Tax-free savings accounts, or TFSAs, have been available to Canadians since 2009, but they're not being used to their full potential, say financial experts, who put a large part of the blame on the name.
"The name is huge," said Rubina Ahmed-Haq, a personal finance expert in Toronto. "You've got to call things what they are."
Money experts say the name leads people to believe it's a standard savings account, meant for short-term savings and frequent withdrawals.
"They kind of dip in and dip out whenever they want, but that's not really what it's meant for," said Ayana Forward, a certified financial planner at Ryan Lamontagne Inc. in Ottawa.
In fact, TFSAs allow users to invest large sums of money tax-free using almost any investment possibility, giving Canadians a key place to save money medium- and long-term.
Here are some key things to know about TFSAs:
TFSAs are flexible
Several of the experts who spoke to CBC News said the TFSA would be better named an "investment account" rather than a "savings account," since it can shelter myriad investment possibilities: high-interest savings accounts, mutual funds, guaranteed investment certificates, listed securities and other types of qualified investment products.
- 5 reasons why TFSAs are a smart retirement investment
- RRSPs vs. TFSAs: Comparing Canada's 2 great savings plans
And unlike RRSPs, you pay no income tax when you withdraw funds. (Conversely, deposits aren't tax-deductible.)
"They're very flexible," Bowen said of TFSAs. "They can benefit Canadians across all age groups and all income levels. They can be used for short-term savings, but also for mid-term [such as for a house] and most importantly for long-term."
Bowen said it's "wrong" to use a TFSA as a typical savings account.
"The asset allocation should be considered with a very long-term view," he said. "We hope people are sitting down with their financial advisers to really make that work for themselves."
Dipping can get you dinged
Ahmed-Haq said a sure sign that people don't understand how TFSAs are supposed to work is the annual batch of stories about tens of thousands of people who have paid fines because they overcontribute.

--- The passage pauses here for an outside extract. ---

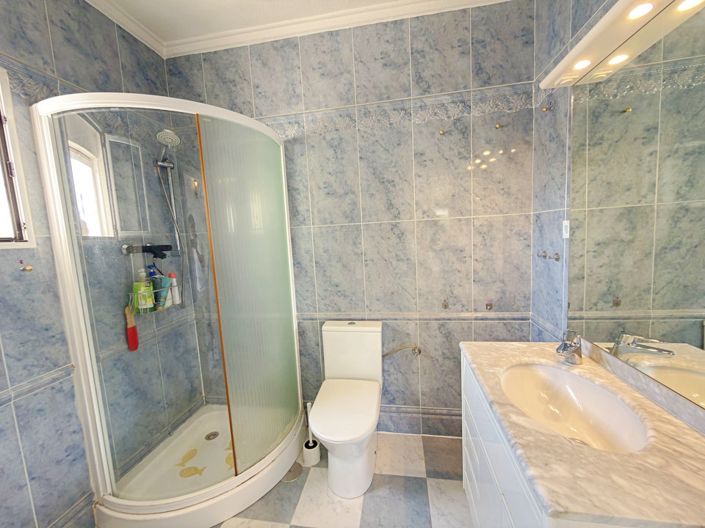 Image No.26-2 Bed Townhouse for sale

Canada Revenue Agency charges one per cent per month on the amount over your contribution limit. If you overcontributed by $1,000 for a year, you'd lose $120.

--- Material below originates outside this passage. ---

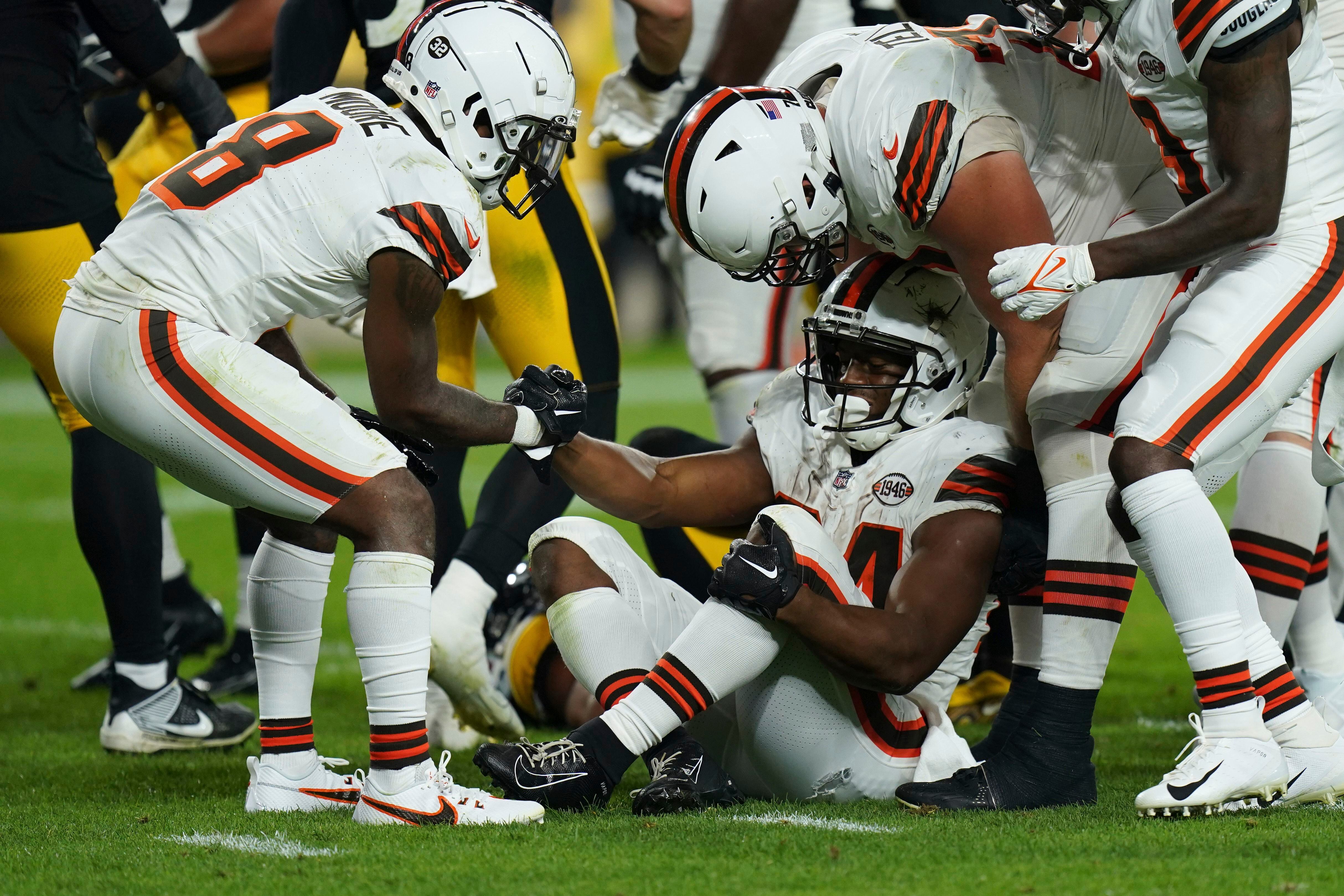 Browns running back Nick Chubb scores a 19 yard touchdown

Why are people overcontributing? Because they're taking money out of the account and putting new money in, not realizing that every dollar deposited counts towards the contribution limit no matter how much you take out.
"If you took the same $1,000 and put it in seven times and took it out seven times, you've gone over, even though you still have $1,000," Ahmed-Haq said.
Limits lower, but contribution room remains
A fresh bit of confusion was in the offing this year, because for the first time since TFSAs were created the contribution limit has dropped.
However, "the Liberal government made the changes in a manner that was relatively straightforward," Bowen said, noting that several more complicated approaches had been bandied about in the media.
On Jan. 1, the annual contribution limit for TFSAs shrunk to $5,500, instead of the $10,000 the previous government had implemented for 2015.
Which brings up another blind spot in some Canadians' knowledge: Ahmed-Haq said many people don't realize that the contribution room in a TFSA is retroactive to when they were created, even if you're just starting one today.
The rules around the accounts allow the contribution limits to accumulate starting from 2009 for each year during which a person turned 18 or was over that age, held a social insurance number and was a resident of Canada.
Therefore the limit for anyone opening an account for the first time today and who was at least 18 in 2009 would be $46,500.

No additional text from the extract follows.